DATA SUPPLIED →
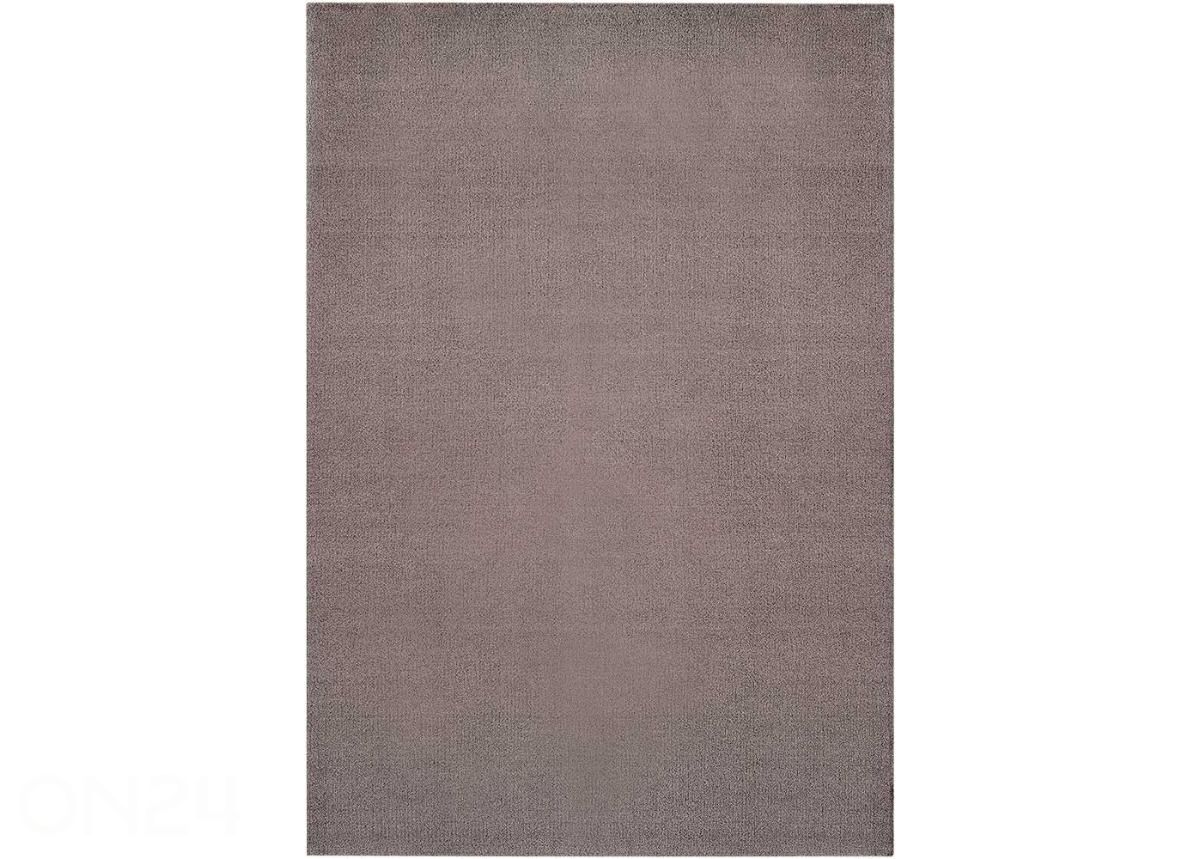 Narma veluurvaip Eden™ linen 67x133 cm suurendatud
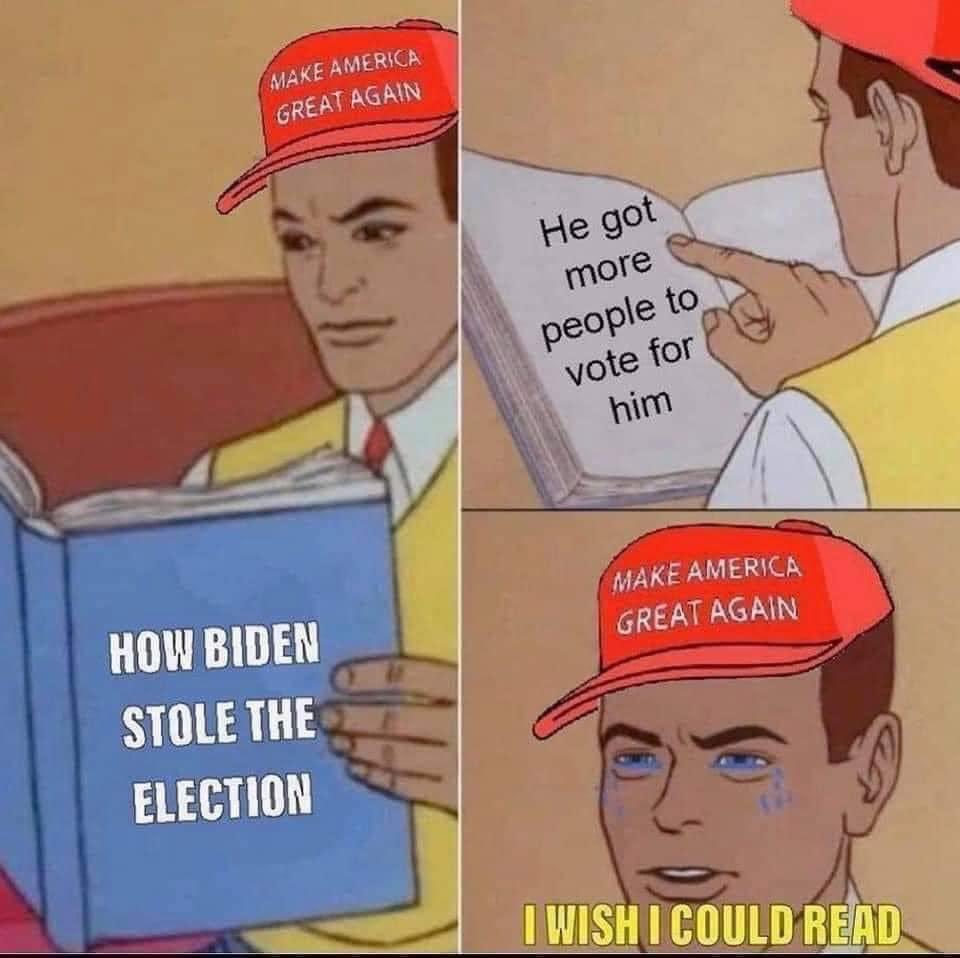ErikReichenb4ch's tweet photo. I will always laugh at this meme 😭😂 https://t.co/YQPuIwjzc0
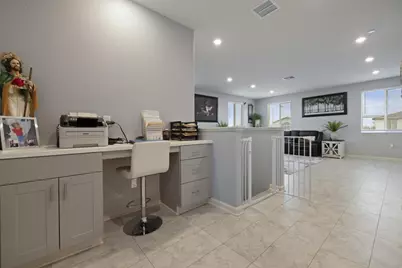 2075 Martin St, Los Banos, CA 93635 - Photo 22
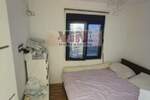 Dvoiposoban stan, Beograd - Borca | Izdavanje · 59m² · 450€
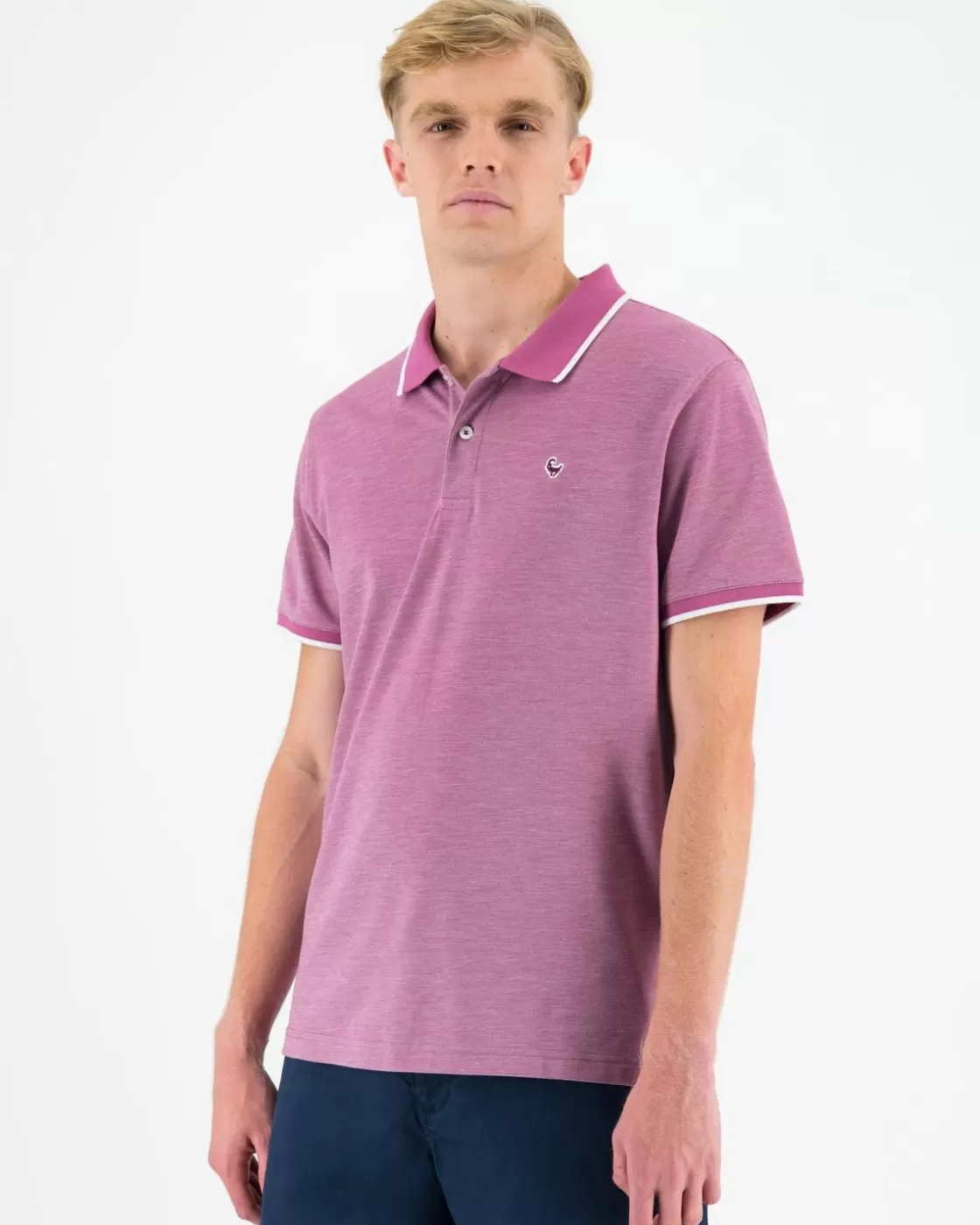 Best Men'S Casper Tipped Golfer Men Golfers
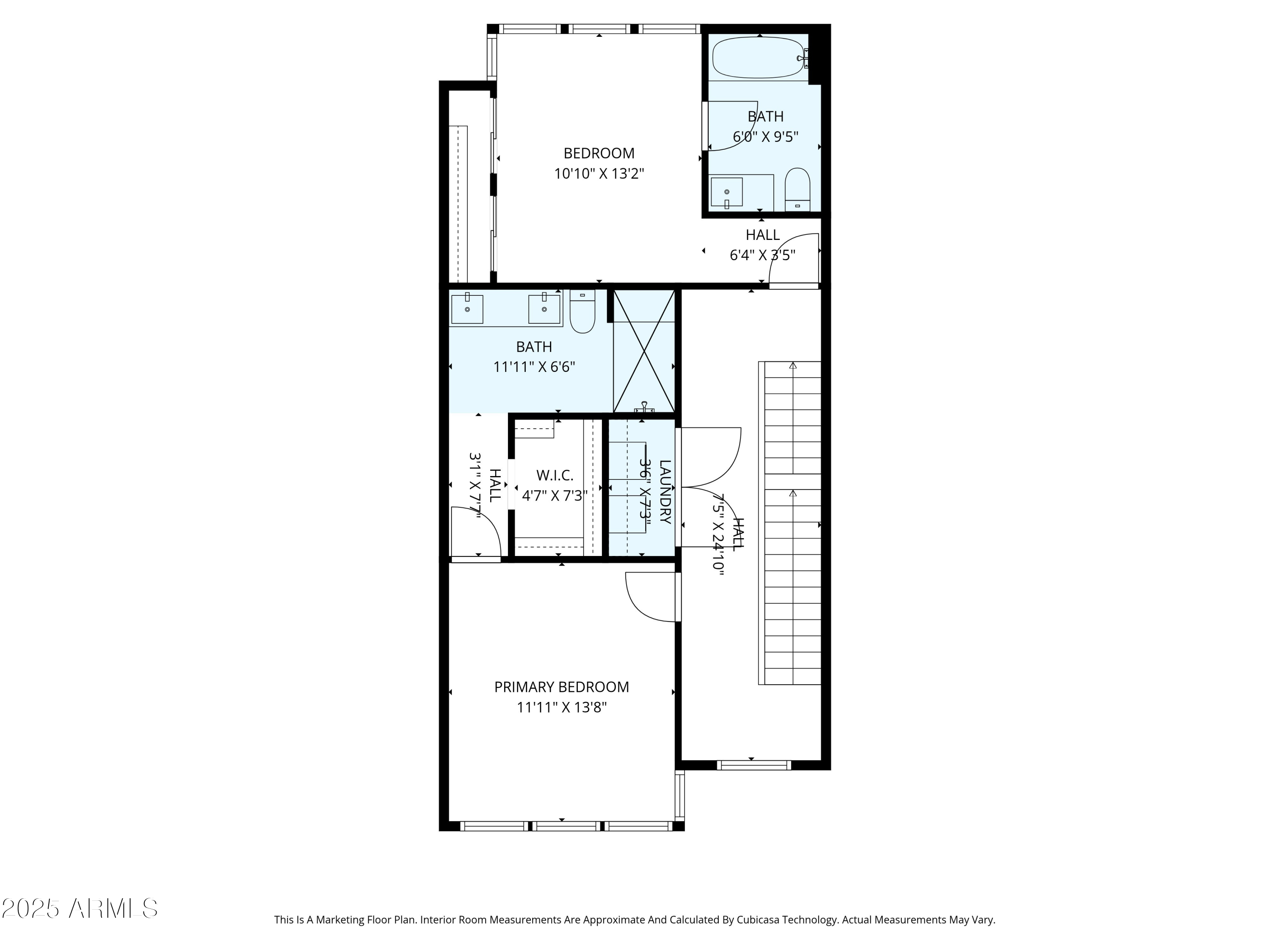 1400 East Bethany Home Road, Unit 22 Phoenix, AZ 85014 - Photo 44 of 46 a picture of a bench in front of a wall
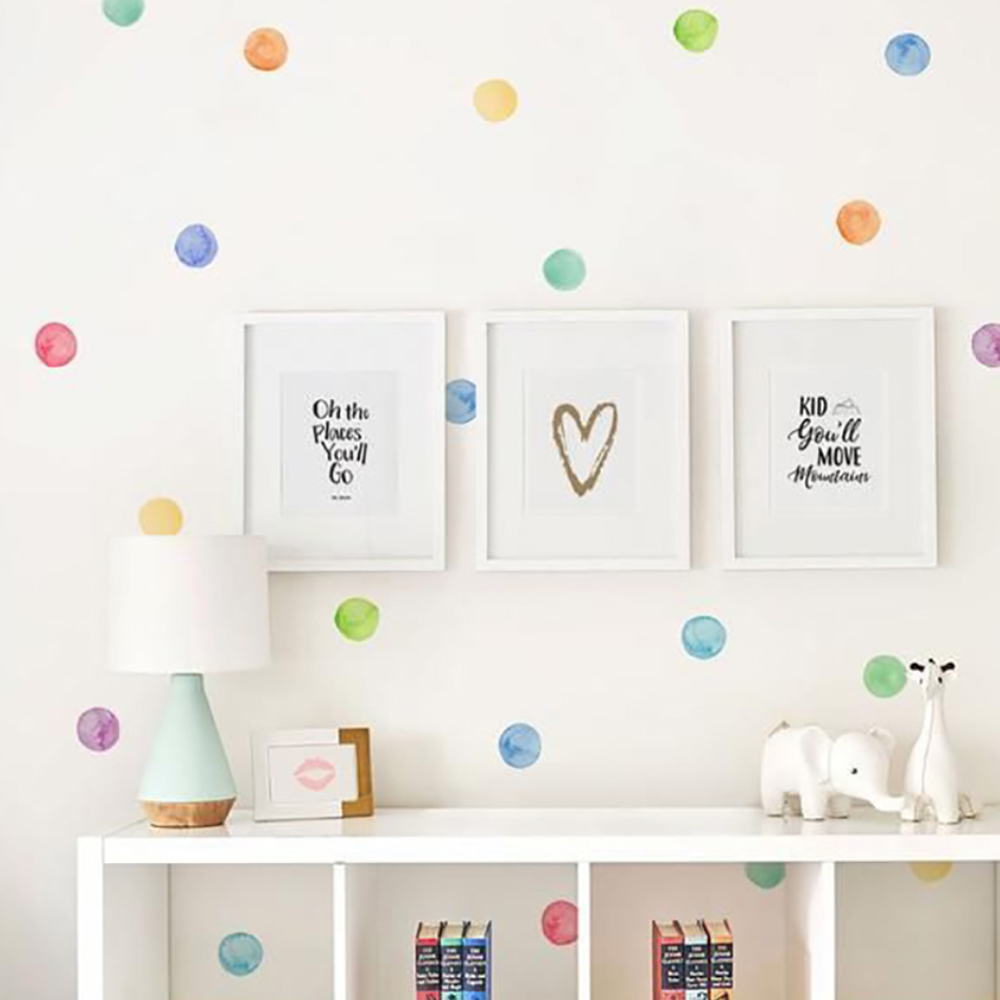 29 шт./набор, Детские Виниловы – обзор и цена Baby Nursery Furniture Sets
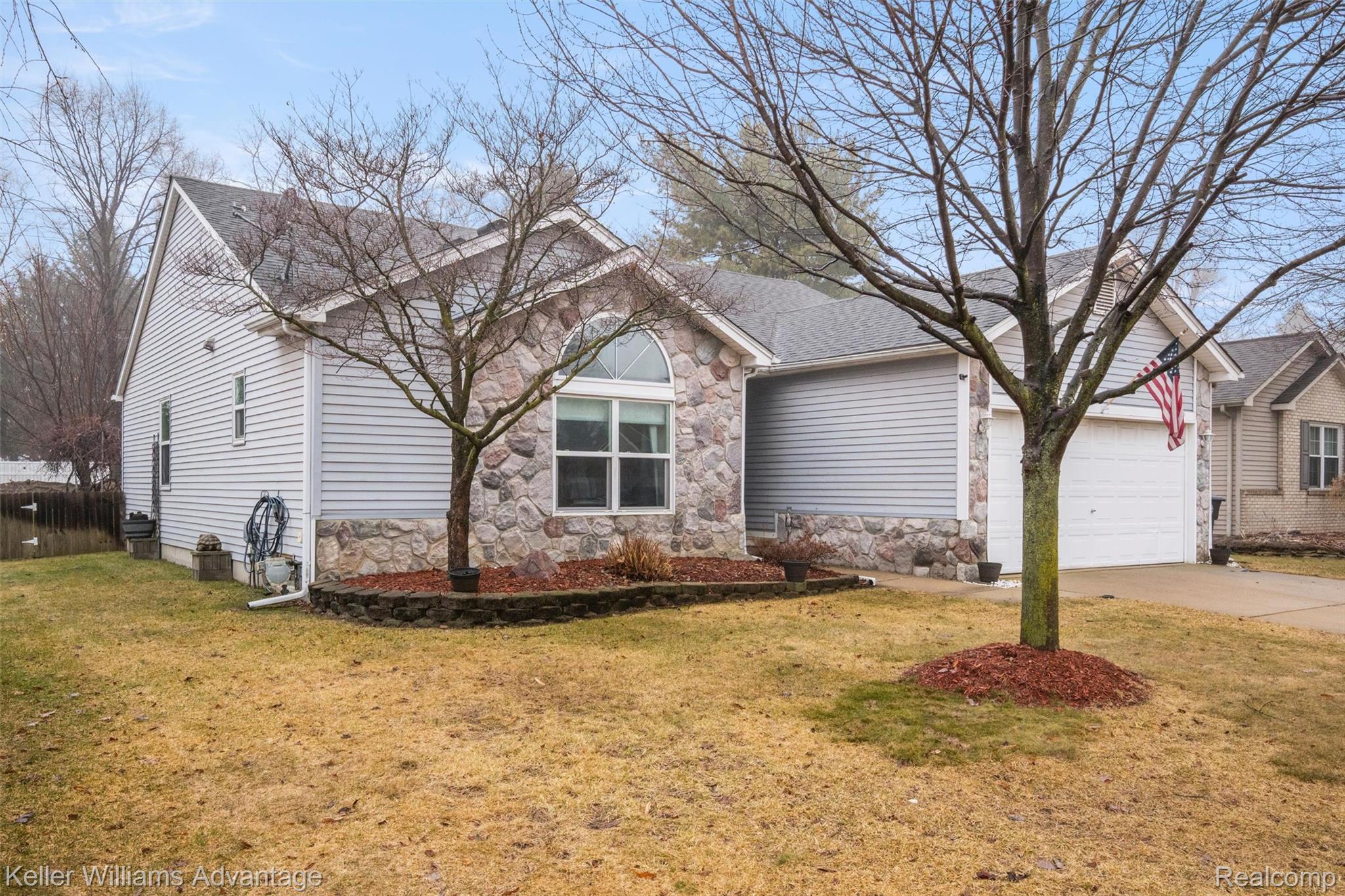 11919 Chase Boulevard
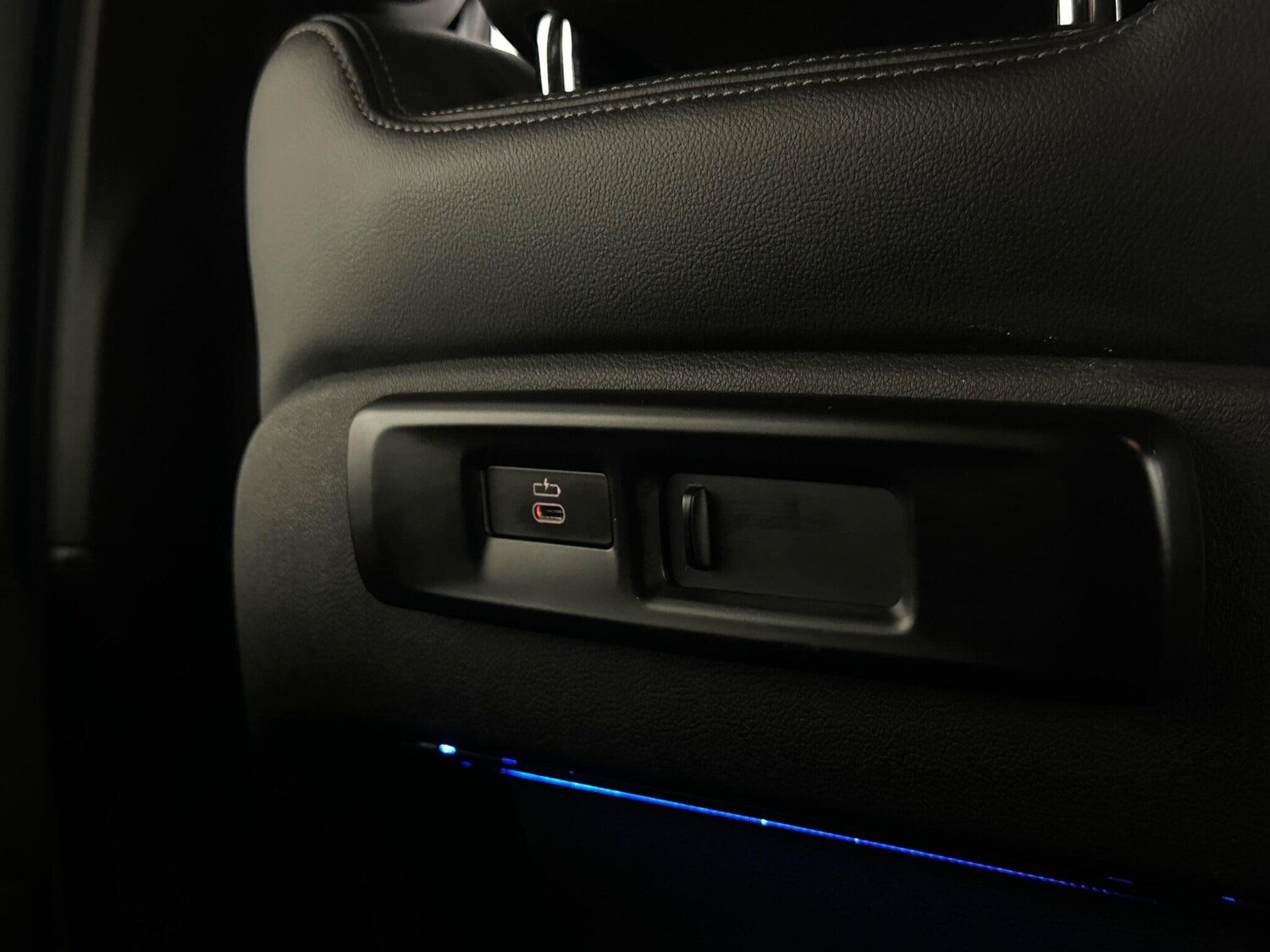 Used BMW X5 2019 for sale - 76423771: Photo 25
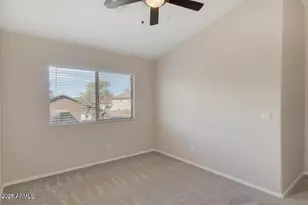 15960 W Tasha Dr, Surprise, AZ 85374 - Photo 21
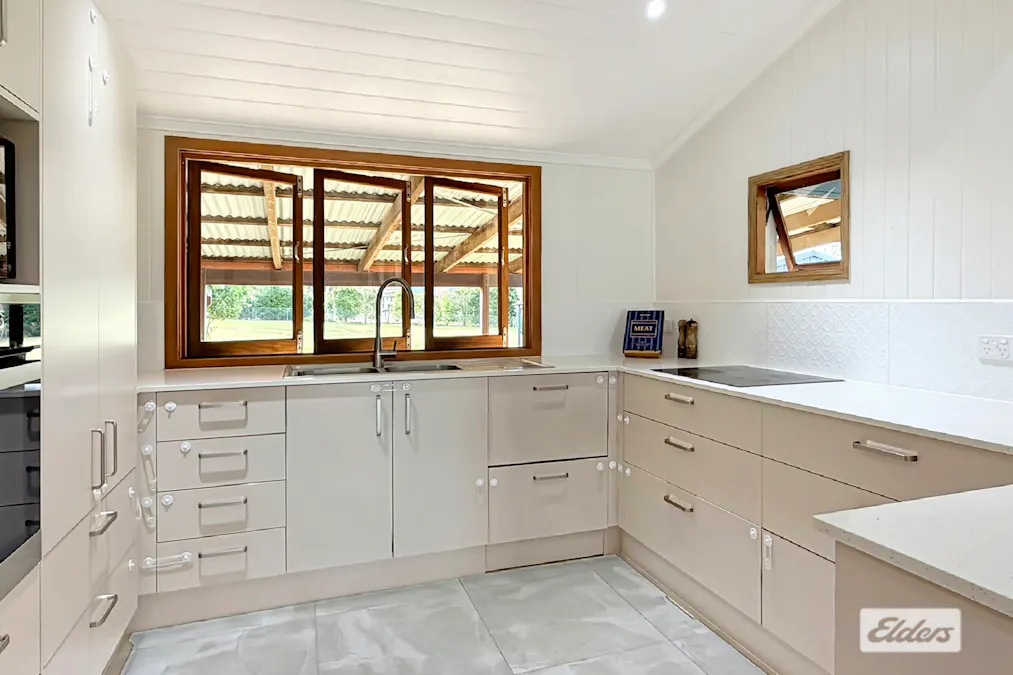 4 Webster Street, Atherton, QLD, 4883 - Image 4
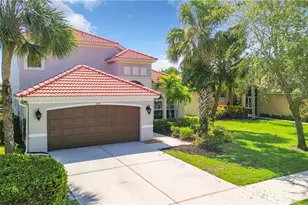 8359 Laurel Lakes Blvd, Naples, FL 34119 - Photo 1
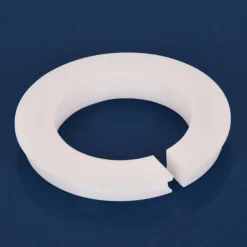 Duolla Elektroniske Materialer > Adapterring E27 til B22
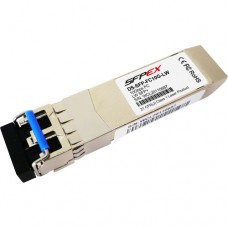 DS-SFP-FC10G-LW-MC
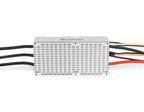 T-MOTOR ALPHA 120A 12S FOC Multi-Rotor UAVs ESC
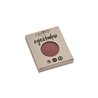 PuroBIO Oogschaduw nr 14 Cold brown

EXERCISE BRIEF → For this task, give again exactly the lines from the line with "4 Webster Street, Atherton, QLD, 4883" through the end of the entries, including both ends, and omit the pictures.

EXERCISE RESULT →
 4 Webster Street, Atherton, QLD, 4883 - Image 4
 8359 Laurel Lakes Blvd, Naples, FL 34119 - Photo 1
 Duolla Elektroniske Materialer > Adapterring E27 til B22
 DS-SFP-FC10G-LW-MC
 T-MOTOR ALPHA 120A 12S FOC Multi-Rotor UAVs ESC
 PuroBIO Oogschaduw nr 14 Cold brown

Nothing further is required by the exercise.